Nigerian MPs to visit South Africa to investigate xenophobic incidents
A team of Nigerian lawmakers will soon visit South Africa to investigate reports of xenophobic attacks targeted at the West Africans. / AFP

Nigerian members of parliament will visit South Africa in efforts to resolve reported xenophobic attacks targeted at citizens of the West African nation, Nigeria's Senate said on Tuesday.

The Senate stated that a joint ad hoc committee made up of members of the Senate and the National Assembly will be constituted soon.

Fact-finding and dispute resolution will be the committee's primary functions.

The Senate said that the team will formally express Nigeria's displeasure with xenophobic attacks targeted at citizens of the West African country in recent times.

Diplomatic resolution

The Senate has requested South Africa's parliament and foreign affairs ministry to cooperate with the visiting Nigerian lawmakers.

In efforts to prompt the South African government's swift intervention, a Nigerian senator, Adams Oshiomhole, proposed that the operating licences of South African firms in Nigeria, MTN and DSTV, be revoked until the xenophobia concerns are conclusively resolved. The Senate, however, rejected this proposal on procedural grounds.
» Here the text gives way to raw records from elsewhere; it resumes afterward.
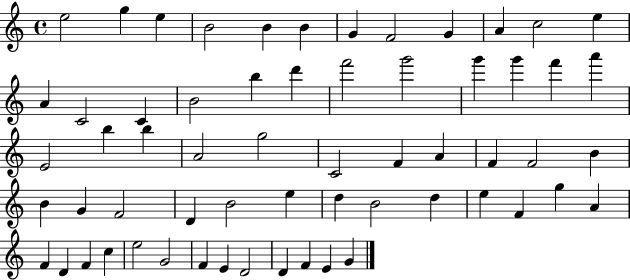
{
  \clef treble
  \time 4/4
  \defaultTimeSignature
  \key c \major
  e''2 g''4 e''4 | b'2 b'4 b'4 | g'4 f'2 g'4 | a'4 c''2 e''4 | \break a'4 c'2 c'4 | b'2 b''4 d'''4 | f'''2 g'''2 | g'''4 g'''4 f'''4 a'''4 | \break e'2 b''4 b''4 | a'2 g''2 | c'2 f'4 a'4 | f'4 f'2 b'4 | \break b'4 g'4 f'2 | d'4 b'2 e''4 | d''4 b'2 d''4 | e''4 f'4 g''4 a'4 | \break f'4 d'4 f'4 c''4 | e''2 g'2 | f'4 e'4 d'2 | d'4 f'4 e'4 g'4 | \break \bar "|."
}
The Nigerian Senate's president, Godswill Akpabio, said that the West African nation's grievances can only be addressed diplomatically and through official channels, and not via economic vengeance measures.

Senator Aniekan Bassey had brought the matter about xenophobia in South Africa to the senate's attention on Tuesday.

South Africa urges restraint

The senators said Nigerians living and working in South Africa had been subjected to fear, psychological trauma, and indignity due to the recurrent xenophobic attacks.

The South African government has urged restraint in the country, with President Cyril Ramaphosa reminding South Africans about the role other African nations played in helping South Africa defeat apartheid regimes in the pre-independence era. The president spoke on South Africa's Freedom Day on April 27.

So far, the exact number of Nigerians killed in xenophobic attacks in South Africa remains unclear, but Nigerian media report that the victims are in the tens in recent years.

Xenophobic incidents have persisted in South Africa amid an unemployment crisis, with more than 30% of South Africans of working age out of jobs.